The same goes for new medicine, as snoring can be a common side effect of some medications. If you’ve recently been prescribed a new medicine, first check if snoring is a side effect. Then you can also talk to your doctor if they can perhaps give you a different medicine, change the time when you take it, or do something about the dosage – so as to reduce soring.
Stopping Your Exercise Plan and Gaining Weight
Sometimes snoring is caused by changes in your exercise regimen. If you’ve suddenly had to stop exercising, because of an injury or lack of time, you can blame your snoring on that.
Also, if you’ve noticed you’ve gained weight, even if it’s a couple of kilos, that could also be the cause of your sudden snoring. Obesity is another common reason behind snoring.
This is because when you gain weight you gain it everywhere in your body, and it also accumulates on the tongue or the throat. This, in turn, increases the chances for the weight of the tissue to collapse on your airways. Lack of exercise also negatively affects your muscle tone, which also contributes to collapsing airways.
Smokers are much more likely to be snorers than non-smokers. This is because smoking causes inflammation to the upper airway, and that increases your chances of snoring.
Is Snoring Dangerous?
Most of the time, snoring is not dangerous for you and won’t cause any serious problems to your health.
However, you should take note of the type of snore you have (aka its sound). Is it a raspy sound, or is it a loud snore, more like gasping, sometimes even accompanied by sudden waking up?
If so, you might be suffering from sleep apnea. That should definitely be checked by a doctor because as you saw earlier, sleep apnea can cause more serious health issues in the long term.
How Can You Stop Snoring?
If you’re worried about your snoring, it might be a good idea to talk with your physician – especially if you think it might be caused by sleep apnea. Otherwise, there are some lifestyle changes you can do, which will improve your overall sleep and can also play a role in preventing snoring.
First of all, get back on that treadmill, hit the gym, start running, swimming, whatever it is that you consider enjoyable exercise. Take better care of your health, prepare a healthy meal plan, meaning more fruits and veggies and less processed foods, and don’t forget to hydrate well. Watch your weight as well – as mentioned earlier, even a couple of kilos more can cause snoring.

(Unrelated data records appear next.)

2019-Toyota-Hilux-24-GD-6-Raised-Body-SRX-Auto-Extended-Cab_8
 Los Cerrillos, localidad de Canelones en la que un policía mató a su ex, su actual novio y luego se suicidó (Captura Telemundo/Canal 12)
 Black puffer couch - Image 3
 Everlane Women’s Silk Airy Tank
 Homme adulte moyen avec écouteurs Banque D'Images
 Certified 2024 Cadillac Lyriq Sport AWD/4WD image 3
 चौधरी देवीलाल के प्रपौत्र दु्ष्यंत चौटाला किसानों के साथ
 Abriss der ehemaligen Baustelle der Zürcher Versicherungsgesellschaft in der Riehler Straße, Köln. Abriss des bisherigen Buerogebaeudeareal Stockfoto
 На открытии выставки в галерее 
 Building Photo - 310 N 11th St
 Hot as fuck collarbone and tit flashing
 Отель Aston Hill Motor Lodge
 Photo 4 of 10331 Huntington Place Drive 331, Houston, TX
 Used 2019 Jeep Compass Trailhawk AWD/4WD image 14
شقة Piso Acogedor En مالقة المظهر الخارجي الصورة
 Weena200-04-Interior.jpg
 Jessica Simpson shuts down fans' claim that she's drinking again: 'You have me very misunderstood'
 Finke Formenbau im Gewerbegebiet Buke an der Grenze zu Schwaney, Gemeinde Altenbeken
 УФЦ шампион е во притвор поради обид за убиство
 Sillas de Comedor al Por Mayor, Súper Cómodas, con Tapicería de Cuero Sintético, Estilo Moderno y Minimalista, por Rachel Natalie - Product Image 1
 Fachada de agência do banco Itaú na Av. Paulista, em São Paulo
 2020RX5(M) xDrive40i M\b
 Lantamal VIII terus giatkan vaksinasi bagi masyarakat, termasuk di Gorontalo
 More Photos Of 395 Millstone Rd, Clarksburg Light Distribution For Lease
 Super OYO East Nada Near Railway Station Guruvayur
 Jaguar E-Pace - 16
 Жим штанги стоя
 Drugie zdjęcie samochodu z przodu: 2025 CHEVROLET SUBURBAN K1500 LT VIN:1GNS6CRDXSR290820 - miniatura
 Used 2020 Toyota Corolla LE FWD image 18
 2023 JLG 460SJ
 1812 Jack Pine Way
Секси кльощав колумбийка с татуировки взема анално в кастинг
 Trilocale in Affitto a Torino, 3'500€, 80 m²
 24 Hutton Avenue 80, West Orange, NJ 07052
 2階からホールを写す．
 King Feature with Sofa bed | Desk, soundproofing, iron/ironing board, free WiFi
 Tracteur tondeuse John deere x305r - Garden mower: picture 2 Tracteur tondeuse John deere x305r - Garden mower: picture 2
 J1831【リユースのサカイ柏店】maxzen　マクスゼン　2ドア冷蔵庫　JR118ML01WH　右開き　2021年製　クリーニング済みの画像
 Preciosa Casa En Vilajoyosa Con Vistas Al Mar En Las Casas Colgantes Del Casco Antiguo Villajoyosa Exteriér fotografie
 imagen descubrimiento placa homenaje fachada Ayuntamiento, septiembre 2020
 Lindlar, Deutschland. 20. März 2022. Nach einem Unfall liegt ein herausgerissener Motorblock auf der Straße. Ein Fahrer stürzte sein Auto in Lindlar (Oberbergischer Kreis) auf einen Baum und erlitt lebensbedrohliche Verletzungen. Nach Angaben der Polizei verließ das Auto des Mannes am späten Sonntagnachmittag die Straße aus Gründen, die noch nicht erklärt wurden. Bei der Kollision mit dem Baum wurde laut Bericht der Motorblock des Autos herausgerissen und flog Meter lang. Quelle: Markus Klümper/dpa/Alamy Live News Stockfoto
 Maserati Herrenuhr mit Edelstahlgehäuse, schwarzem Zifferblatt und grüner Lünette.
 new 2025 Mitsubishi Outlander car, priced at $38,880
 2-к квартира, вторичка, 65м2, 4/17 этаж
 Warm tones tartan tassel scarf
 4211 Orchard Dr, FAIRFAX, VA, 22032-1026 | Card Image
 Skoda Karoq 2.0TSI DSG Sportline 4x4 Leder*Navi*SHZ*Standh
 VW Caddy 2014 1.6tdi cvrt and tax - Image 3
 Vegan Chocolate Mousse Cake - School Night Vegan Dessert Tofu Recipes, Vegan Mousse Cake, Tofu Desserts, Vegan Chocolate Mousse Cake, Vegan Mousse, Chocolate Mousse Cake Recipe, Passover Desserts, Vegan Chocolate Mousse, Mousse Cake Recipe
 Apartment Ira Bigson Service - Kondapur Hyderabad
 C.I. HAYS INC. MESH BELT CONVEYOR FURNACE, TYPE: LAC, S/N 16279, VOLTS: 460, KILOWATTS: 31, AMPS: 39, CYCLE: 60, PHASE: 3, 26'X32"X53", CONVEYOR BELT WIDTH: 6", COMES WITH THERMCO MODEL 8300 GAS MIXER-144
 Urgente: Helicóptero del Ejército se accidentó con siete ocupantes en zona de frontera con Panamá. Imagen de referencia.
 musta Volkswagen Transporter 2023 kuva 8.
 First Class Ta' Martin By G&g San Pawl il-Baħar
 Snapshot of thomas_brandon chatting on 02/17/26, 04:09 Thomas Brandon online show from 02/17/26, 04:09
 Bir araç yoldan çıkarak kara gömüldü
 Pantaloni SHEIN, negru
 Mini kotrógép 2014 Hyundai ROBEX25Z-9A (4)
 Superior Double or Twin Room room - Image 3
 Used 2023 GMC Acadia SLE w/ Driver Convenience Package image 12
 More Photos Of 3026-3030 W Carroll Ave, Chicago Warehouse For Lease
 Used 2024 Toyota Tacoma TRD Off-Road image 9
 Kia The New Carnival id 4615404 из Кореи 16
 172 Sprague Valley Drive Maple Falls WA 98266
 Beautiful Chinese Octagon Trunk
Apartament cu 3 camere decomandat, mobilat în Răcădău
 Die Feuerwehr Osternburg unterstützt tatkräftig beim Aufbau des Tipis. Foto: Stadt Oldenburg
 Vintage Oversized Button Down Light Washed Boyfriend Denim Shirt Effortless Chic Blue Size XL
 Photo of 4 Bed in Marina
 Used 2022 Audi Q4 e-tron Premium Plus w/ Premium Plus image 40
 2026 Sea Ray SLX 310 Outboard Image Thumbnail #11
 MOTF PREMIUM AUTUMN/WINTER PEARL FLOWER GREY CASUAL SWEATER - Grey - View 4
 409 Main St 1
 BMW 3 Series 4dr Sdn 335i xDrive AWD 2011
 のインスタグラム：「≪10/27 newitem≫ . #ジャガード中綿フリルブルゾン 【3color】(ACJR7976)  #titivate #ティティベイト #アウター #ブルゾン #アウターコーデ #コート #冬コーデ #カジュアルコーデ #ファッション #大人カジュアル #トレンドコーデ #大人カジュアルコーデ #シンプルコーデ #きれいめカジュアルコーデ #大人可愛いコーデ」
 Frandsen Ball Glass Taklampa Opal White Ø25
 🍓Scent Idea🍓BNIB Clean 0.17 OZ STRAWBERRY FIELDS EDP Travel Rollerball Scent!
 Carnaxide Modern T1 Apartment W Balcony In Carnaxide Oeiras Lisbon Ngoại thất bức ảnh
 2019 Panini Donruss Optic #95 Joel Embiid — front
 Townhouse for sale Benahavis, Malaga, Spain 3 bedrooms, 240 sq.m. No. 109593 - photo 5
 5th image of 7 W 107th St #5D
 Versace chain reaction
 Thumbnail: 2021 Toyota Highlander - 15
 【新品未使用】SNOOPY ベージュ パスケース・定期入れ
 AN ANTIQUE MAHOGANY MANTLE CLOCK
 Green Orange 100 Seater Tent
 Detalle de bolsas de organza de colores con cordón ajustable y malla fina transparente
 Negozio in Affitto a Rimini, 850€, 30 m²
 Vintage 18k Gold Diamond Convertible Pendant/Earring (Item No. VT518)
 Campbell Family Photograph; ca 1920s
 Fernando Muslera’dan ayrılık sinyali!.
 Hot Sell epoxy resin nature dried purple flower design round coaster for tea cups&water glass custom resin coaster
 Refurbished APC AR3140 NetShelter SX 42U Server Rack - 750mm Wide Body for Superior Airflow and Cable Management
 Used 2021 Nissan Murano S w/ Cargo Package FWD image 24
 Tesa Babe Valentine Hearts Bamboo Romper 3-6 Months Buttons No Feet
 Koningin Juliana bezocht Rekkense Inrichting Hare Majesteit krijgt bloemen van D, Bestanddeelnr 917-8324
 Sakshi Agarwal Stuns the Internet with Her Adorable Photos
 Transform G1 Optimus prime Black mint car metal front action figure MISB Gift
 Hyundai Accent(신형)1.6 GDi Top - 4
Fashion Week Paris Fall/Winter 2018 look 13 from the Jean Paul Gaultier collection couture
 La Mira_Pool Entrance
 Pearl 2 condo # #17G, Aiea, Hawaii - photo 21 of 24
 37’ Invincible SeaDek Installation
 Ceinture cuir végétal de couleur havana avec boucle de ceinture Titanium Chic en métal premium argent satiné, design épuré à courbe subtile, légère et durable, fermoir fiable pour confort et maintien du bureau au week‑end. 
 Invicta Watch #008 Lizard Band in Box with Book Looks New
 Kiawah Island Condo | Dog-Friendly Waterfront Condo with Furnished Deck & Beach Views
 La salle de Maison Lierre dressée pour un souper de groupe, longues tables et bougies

If you’re a smoker, stop smoking and give yourself some time for the inflammation of your upper airways to settle down.
Also, try to sleep in a different position and generally avoid sleeping on your back if it makes you snore. Sleep on your side instead.
As you can see, snoring can be caused by a lot of health factors, some less and some more serious.
Most of the time, snoring won’t be the result of any serious health issues, but just so you can be on the safe side, it’s a good idea to go for a medical checkup, which is something that should be done regularly anyway.